Texto publicado no encarte do CD Amálgama


Foi com Jorge Mautner que aprendi que o conceito de amálgama se aplica à cultura brasileira desde os tempos de José Bonifácio. O Patriarca da Independência foi quem primeiro disse que a nossa marca é saber misturar tantas influências, sabores, ritmos e transformar numa coisa única. Assim é com o trabalho do Duo Nazario. Os irmãos Lelo e Zé Eduardo são dois músicos excepcionais e muito diferentes. Os dois tocam muito e quando digo isso não é só tocam muito bem, mas tocam de diversas formas, a partir de diversas fontes, com inúmeros acentos, muita informação sonora. Dos teclados e computadores de Lelo saem ambiências, ruídos, efeitos, melodias incríveis. Da percussão de Zé Eduardo, os ritmos do mundo. Combinação perfeita. Alquimia pura. Sons baseados tanto na música erudita quanto na mágica da improvisação criativa. E a gente sabe que pra essa mistura dar certo há que se ter uma formação sólida e muito talento - nisso os irmãos são iguais.

Amálgama é música pra ouvidos atentos e curiosos, é música eletroacústica, música erudita contemporânea, improvisação do jazz e ritmos brasileiros. Quando assisti o Duo Nazario ao vivo fiquei pensando em como tudo aquilo fora do comum, do conhecido me caía bem. Me senti adequada àquela dodecafonia, aos sons espaciais, timbres malucos e barulhos que Lelo e Zé Eduardo transformavam em música. Porque é como na vida, há dias tortos, há dias estranhos, fora do tom, em outro compasso. Falamos sobre isso depois do show e os Nazario me entenderam perfeitamente. Estávamos na mesma estranha sintonia. Experimente, pode acontecer o mesmo com você ao ouvir este disco.

BlueLine

Música de Invenção
Da produção executiva de Amálgama, Utopia Studio

Texto publicado no encarte do CD Amálgama

Mais do que a fusão de elementos, a música mais inspiradora e inventiva hoje busca dar sentido à experimentação e trazer uma reflexão sobre o intricado mundo contemporâneo. O compositor e pianista Lelo Nazario e o baterista e percussionista Zé Eduardo Nazario são exemplos em que a combinação de virtuosismo e inventividade leva a uma nova elaboração estética que expressa as marcas do nosso tempo.

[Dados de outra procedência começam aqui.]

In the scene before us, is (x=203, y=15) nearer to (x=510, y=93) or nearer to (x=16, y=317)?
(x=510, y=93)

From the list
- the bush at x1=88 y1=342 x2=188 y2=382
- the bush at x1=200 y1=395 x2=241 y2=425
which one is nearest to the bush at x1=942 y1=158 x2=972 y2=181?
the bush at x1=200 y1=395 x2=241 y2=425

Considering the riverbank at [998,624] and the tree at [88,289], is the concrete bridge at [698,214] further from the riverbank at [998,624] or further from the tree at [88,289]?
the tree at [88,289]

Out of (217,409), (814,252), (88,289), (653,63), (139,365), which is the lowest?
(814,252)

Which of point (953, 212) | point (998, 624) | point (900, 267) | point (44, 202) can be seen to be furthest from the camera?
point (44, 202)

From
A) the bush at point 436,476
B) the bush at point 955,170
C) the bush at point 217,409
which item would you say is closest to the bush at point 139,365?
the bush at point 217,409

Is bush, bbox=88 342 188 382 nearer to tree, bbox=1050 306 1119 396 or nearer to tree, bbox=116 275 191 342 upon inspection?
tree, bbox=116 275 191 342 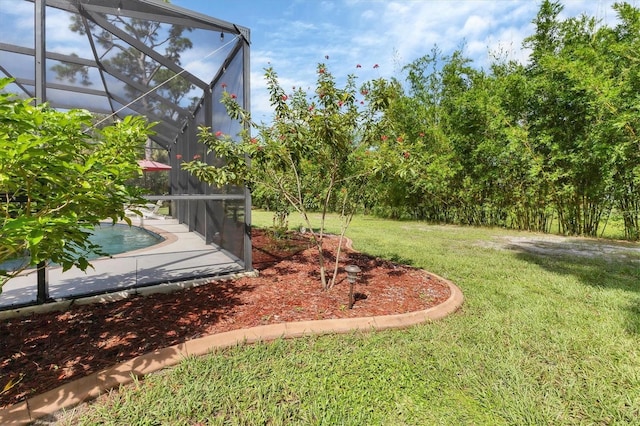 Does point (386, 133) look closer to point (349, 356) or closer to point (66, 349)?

As trajetórias dos irmãos Lelo e Zé Eduardo se entrelaçam ao longo de quatro décadas. Ainda bem jovens, integraram a banda de Hermeto Pascoal e criaram o Grupo Um, vertente mais ousada e criativa da música brasileira. Juntaram-se ao Pau Brasil e formaram o trio Percussonica. Têm tocado lado a lado em discos, concertos e turnês. Nada mais natural que ir ainda mais fundo nessa parceria.

Partindo de uma formação incomum e uma linguagem contemporânea, o Duo Nazario, formado em 1989, desenvolve um repertório original, integrando música de vanguarda e jazz a recursos eletrônicos e ritmos brasileiros. Com essa proposta, Lelo escreveu uma série de composições, incluindo Limite e Aurora, obras apresentadas pela Banda Sinfônica de São Paulo, ambas para banda sinfônica, sons eletrônicos e o Duo como solista.


“Experimentar múltiplas possibilidades de encontro entre linguagens e universos musicais com total liberdade criativa é o principal conceito de trabalho do Duo”, explica Lelo. “A ideia era criar algo novo com uma formação inusitada que nos dava uma vantagem timbrística”, recorda Zé Eduardo.

Nas mãos de artistas como esses, a fusão de linguagens ganha uma nova relevância e uma expressividade singular. “Muitas composições refletem a enorme quantidade de eventos e informações que é gerada no mundo todos os dias, buscando exprimir em sons todos os aspectos dessa entropia crescente e suas consequências para a vida no planeta”, observa Lelo.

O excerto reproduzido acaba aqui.